I've been using Python since like 2006, so maybe I just have that generational k...

johtso · on March 14, 2023

Isn't pip + requirements.txt insufficient for repeatable deployments? You need to pin all dependencies not just your immediate project dependencies, unless you want some random downstream update to break your build. I guess you can do that by hand.. but don't you kind of need some kind of a lock file to stay safe/sane?

oblvious-earth · on March 14, 2023

The simple solution to this with pip is constraints file:

    pip install <my_entire_universe_of_requirements>
    pip freeze > constraints.txt

And now in any new environment:

    pip install <any_subset_of_requirements> -c constraints.txt

Now you can install prod requirements or dev requirements or whatever other combination of requirements you have and you guarantee to have the exact same subset of packages, no matter what your transitive dependencies are doing.

You can use pip-compile from pip-tools if you want the file to include exact hashes.

MrJohz · on March 14, 2023

This is true, but now you're explicitly depending on all of your transitive dependencies, which makes updating the project a lot harder. For example, if a dependency stops pulling in a transitive dependency past a certain version, you'll need to either recreate the constraints file by reinstalling everything, or manually remove the dependencies you don't need any more.

Also pip freeze does not emit a constraints file, it emits (mostly) a requirements file. This distinction is rarely important, but when it is, it can cause a lot of problems with this workflow. For example, a constraints file cannot include any information about which extras are installed, which pip freeze does by default. It also can't contain local or file dependencies, so if you have multiple projects that you're developing together it simply won't work. You also can't have installed the current project in editable mode if you want the simple "pip freeze" workflow to work correctly (although in practice that's not so difficult to work around).

Pip-tools does work a bit better, although the last time I used it, it considered the dependency chains for production and for development in isolation, which meant it would install different versions of some packages in production than in development (which was one of the big problems I was trying to solve).

From my experience trying basically every single option in the packaging ecosystem, there aren't really any solutions here. Even Poetry, which is pretty much best-in-class for actually managing dependencies, struggles with workspace-like installations and more complicated build scripts. Which is why I think pretty much every project seems to have its own, subtly unique build/dependency system.

Compare and contrast this with, say, NPM or Cargo, which in 95% of cases just do exactly what you need them to do, correctly, safely, and without having to think about it at all.

oblvious-earth · on March 16, 2023

> This is true, but now you're explicitly depending on all of your transitive dependencies

They're constraints not dependencies they don't need to be installed and you can just update your requirements as you need and regenerate them.

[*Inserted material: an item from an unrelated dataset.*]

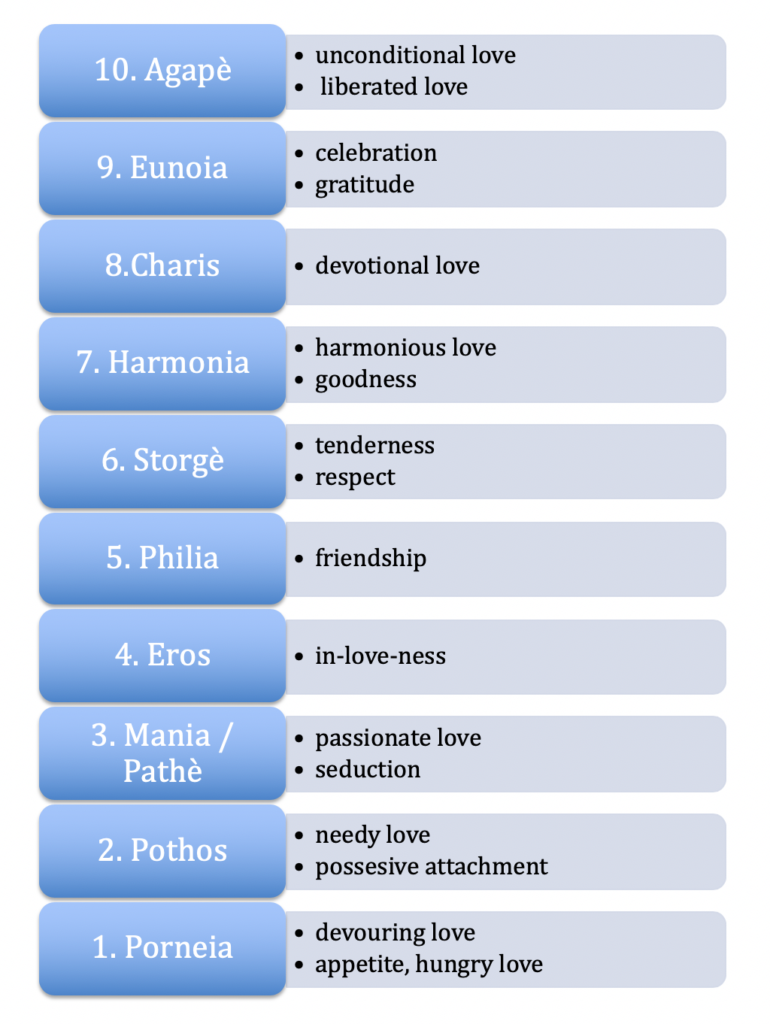 How long does passion last? The four stages of love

> Also pip freeze does not emit a constraints file, it emits (mostly) a requirements file. This distinction is rarely important, but when it is, it can cause a lot of problems with this workflow. For example, a constraints file cannot include any information about which extras are installed, which pip freeze does by default

Pip freeze does not use extras notation, you just get extra packages listed as individual dependencies. Yes there is an important distinction between constraints and requirements but Pip freeze uses an intersecting subset of the notation.

> You also can't have installed the current project in editable mode if you want the simple "pip freeze" workflow to work correctly

That's why the workflow I gave to generate the constraints didn't use the -e flag, you generate the constraints separately and then can install however you want, editable or not.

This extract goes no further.